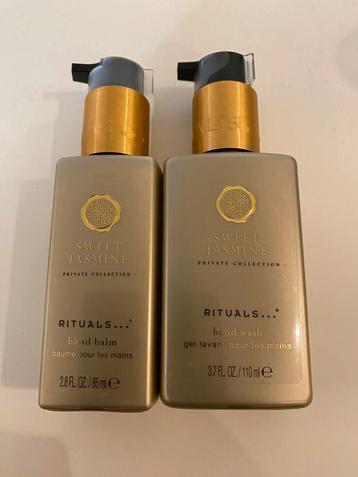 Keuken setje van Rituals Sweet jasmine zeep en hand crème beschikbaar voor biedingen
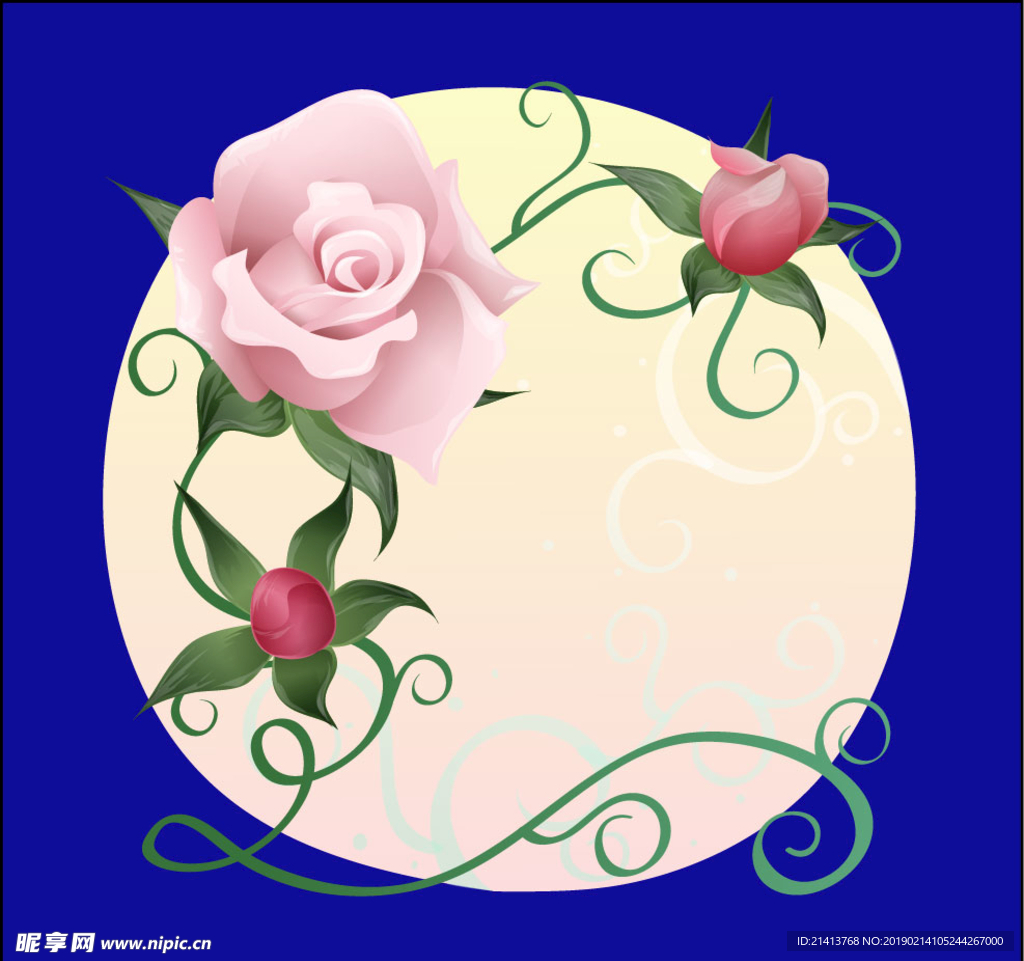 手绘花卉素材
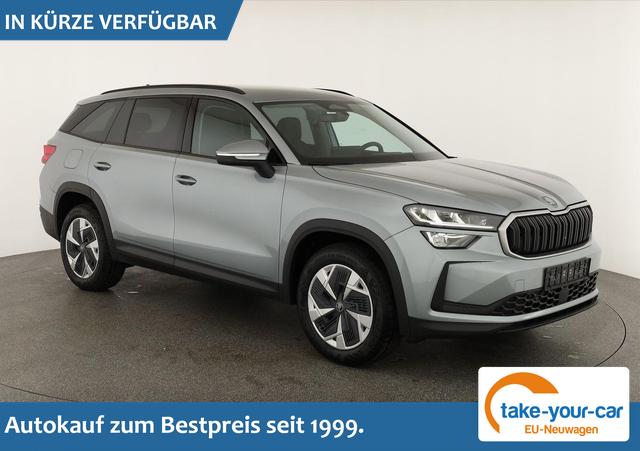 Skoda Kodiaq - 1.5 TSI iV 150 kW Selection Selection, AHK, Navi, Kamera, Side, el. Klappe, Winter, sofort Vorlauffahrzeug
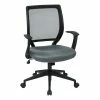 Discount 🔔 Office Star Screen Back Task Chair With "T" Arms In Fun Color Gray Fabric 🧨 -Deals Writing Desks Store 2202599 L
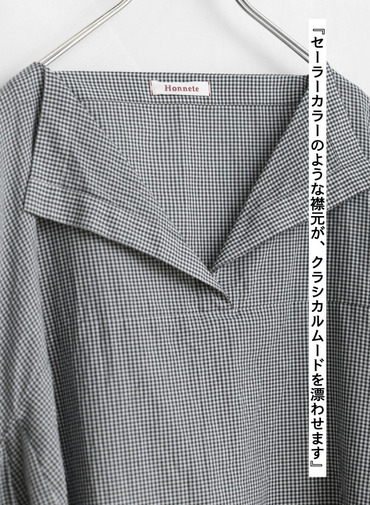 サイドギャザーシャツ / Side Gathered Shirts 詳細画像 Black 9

━━━━━━━━

**What the task asks**
Please write the data out again exactly, but do not carry over the pictures.

**Solution**
 Keuken setje van Rituals Sweet jasmine zeep en hand crème beschikbaar voor biedingen
 手绘花卉素材
 Skoda Kodiaq - 1.5 TSI iV 150 kW Selection Selection, AHK, Navi, Kamera, Side, el. Klappe, Winter, sofort Vorlauffahrzeug
 Discount 🔔 Office Star Screen Back Task Chair With "T" Arms In Fun Color Gray Fabric 🧨 -Deals Writing Desks Store 2202599 L
 サイドギャザーシャツ / Side Gathered Shirts 詳細画像 Black 9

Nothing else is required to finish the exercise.